Why try to base the economic recovery on dubious financial information from borrowers under Obama's latest home refinancing plan?
President Obama took a bold step Monday to help homeowners who owe more on their mortgages than the value of their homes.
Under the plan, owners with “underwater” mortgages that are also government-supervised will not need to reveal much about their credit worthiness, job security, or other personal information in order to refinance those loans.
Sound familiar? It should.
During the housing bubble, many borrowers obtained mortgages without disclosing critical financial details. Jobs were plentiful then and lenders assumed home prices would keep rising. If someone hid negative information or lied about their prospects of paying down on a mortgage, the risks were largely ignored and passed on to Wall Street investors.

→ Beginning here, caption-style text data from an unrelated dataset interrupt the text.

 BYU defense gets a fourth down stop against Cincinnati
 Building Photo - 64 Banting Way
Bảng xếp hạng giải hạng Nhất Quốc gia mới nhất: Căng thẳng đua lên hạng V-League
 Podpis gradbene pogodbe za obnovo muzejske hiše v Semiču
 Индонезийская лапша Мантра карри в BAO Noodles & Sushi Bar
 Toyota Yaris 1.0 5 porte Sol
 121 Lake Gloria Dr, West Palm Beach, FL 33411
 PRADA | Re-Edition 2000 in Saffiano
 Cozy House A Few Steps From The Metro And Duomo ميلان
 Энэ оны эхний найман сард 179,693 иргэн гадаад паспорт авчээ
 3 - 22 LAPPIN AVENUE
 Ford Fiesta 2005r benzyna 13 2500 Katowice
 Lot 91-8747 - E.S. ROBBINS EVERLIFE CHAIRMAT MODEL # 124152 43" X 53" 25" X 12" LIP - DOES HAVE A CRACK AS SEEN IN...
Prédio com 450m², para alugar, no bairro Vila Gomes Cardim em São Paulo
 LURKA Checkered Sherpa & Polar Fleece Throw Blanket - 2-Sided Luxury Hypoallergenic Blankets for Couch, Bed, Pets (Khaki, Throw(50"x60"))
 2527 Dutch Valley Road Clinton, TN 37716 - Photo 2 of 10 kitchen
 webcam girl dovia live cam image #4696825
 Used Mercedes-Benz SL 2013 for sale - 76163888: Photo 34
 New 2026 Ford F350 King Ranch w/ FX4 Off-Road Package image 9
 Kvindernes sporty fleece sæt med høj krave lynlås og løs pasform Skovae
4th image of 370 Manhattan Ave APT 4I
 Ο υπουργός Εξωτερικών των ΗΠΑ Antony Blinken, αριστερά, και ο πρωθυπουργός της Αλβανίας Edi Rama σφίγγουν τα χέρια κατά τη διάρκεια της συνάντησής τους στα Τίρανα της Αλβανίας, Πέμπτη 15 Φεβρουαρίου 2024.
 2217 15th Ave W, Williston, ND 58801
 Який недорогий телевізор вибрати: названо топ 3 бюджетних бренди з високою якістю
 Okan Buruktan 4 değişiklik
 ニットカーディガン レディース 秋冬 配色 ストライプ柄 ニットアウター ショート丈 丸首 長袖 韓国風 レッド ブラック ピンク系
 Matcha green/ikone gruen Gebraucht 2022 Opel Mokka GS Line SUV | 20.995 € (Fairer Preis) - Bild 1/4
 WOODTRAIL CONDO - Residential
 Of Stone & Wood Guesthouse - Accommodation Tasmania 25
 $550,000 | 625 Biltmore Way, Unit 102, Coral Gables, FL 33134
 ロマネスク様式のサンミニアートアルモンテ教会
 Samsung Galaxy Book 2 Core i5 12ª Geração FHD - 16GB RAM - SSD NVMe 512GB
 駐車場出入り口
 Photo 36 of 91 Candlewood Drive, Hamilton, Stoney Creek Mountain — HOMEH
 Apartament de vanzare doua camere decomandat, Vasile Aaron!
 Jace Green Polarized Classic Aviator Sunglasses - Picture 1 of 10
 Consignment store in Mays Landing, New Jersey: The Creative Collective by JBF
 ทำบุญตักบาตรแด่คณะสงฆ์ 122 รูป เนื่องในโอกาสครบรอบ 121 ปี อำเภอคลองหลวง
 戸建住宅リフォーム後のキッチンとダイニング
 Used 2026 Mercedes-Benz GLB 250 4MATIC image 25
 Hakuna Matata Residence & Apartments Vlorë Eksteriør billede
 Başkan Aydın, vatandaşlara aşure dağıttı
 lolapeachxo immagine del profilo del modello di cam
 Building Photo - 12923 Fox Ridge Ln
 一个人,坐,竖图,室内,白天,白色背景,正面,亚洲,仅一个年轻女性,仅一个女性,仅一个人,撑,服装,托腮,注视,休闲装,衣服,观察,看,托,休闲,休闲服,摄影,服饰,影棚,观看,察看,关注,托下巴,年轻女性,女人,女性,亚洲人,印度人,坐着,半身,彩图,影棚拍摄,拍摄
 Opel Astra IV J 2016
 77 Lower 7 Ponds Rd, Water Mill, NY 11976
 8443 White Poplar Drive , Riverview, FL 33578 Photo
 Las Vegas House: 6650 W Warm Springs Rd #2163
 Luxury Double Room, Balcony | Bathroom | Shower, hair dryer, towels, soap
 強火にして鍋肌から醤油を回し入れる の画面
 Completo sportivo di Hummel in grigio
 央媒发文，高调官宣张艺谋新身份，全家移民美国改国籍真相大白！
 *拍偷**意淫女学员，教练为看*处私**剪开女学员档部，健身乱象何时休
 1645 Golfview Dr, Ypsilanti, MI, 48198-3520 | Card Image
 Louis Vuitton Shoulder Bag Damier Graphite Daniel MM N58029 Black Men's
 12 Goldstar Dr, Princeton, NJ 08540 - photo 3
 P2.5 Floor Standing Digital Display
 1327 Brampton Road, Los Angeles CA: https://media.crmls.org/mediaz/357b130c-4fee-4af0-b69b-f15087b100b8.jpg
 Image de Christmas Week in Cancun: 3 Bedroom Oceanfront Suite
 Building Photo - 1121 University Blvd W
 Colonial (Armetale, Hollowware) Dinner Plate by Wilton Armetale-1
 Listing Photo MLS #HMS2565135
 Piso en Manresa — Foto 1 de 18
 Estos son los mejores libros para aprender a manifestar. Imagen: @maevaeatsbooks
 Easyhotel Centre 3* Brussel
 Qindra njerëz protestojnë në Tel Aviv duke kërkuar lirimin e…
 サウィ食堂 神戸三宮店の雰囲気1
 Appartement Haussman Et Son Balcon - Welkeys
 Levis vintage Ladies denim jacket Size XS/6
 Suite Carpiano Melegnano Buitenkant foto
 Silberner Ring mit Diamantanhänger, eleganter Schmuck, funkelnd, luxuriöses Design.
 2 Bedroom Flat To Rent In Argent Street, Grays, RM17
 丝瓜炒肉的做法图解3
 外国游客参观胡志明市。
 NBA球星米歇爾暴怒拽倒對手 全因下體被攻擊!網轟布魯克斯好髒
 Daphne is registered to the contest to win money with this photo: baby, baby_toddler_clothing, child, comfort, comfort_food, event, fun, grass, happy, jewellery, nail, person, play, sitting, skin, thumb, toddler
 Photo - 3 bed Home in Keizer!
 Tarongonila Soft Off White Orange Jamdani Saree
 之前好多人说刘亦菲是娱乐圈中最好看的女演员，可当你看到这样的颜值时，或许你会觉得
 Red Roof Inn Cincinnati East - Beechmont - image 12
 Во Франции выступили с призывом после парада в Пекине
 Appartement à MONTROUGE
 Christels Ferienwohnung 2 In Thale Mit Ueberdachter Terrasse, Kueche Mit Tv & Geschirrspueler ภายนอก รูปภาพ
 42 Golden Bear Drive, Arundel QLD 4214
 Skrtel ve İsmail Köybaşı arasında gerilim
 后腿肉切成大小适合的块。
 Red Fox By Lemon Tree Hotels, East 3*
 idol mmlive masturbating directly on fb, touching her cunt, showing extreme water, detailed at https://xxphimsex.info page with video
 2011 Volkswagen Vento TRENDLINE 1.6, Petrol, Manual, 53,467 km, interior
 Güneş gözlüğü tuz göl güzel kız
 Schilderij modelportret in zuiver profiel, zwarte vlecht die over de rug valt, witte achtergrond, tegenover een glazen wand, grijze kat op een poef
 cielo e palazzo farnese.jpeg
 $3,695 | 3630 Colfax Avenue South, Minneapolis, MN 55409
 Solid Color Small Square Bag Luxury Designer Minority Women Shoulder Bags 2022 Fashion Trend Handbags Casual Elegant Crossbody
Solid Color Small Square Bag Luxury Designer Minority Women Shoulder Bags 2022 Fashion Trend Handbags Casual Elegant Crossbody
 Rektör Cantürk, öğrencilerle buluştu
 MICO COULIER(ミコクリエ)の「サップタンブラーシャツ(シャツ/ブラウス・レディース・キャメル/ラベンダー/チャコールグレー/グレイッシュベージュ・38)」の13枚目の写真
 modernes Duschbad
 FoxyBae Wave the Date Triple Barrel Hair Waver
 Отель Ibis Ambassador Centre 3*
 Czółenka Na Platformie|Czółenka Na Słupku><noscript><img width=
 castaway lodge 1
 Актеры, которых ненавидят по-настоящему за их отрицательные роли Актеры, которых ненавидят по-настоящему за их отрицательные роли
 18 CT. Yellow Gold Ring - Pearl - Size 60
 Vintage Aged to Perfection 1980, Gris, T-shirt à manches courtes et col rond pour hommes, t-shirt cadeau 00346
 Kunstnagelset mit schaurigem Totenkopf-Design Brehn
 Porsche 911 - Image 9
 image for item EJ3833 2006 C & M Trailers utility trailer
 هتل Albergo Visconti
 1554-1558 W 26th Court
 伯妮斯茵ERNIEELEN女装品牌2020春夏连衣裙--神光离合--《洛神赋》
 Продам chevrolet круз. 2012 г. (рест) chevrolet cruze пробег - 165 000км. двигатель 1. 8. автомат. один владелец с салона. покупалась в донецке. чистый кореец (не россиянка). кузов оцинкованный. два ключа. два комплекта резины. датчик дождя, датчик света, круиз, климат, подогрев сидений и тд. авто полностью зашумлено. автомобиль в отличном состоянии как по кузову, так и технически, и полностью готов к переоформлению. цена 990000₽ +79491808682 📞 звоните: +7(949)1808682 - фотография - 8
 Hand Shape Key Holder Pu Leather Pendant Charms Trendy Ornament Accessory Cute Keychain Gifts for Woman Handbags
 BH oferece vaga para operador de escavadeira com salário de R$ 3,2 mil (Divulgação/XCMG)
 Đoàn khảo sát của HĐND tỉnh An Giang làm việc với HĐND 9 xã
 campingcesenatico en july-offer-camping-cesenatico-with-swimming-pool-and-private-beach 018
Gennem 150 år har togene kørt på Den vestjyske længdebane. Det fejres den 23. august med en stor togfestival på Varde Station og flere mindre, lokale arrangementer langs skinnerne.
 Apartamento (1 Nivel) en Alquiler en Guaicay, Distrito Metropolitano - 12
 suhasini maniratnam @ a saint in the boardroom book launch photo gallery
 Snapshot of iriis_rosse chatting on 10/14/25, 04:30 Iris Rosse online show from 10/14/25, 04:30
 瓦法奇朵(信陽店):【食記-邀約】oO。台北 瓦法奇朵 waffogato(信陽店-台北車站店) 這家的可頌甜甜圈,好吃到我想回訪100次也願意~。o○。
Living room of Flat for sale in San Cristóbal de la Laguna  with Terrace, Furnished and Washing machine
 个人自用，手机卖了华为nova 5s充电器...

But after that widespread lack of honesty and integrity was exposed in 2007-08, the bubble burst. Will a return to the old ways of lending without much documentation now be a solid basis to boost the economy?
Hardly. Even under the current federal mortgage-modification programs, more than half of those granted new loans were back in default within six months. And those loans were negotiated under strict credit standards, not the loose rules coming from the Obama administration.
The president’s plan may reflect a last-ditch attempt to boost the housing market before the 2012 election. Many of Mr. Obama’s efforts so far have done little to slow down the pace of foreclosures or achieve significant numbers of refinancing.
But his latest plan makes short-term ethical compromises that could lead to negative long-term consequences for the economy, taxpayers, and the federal deficit.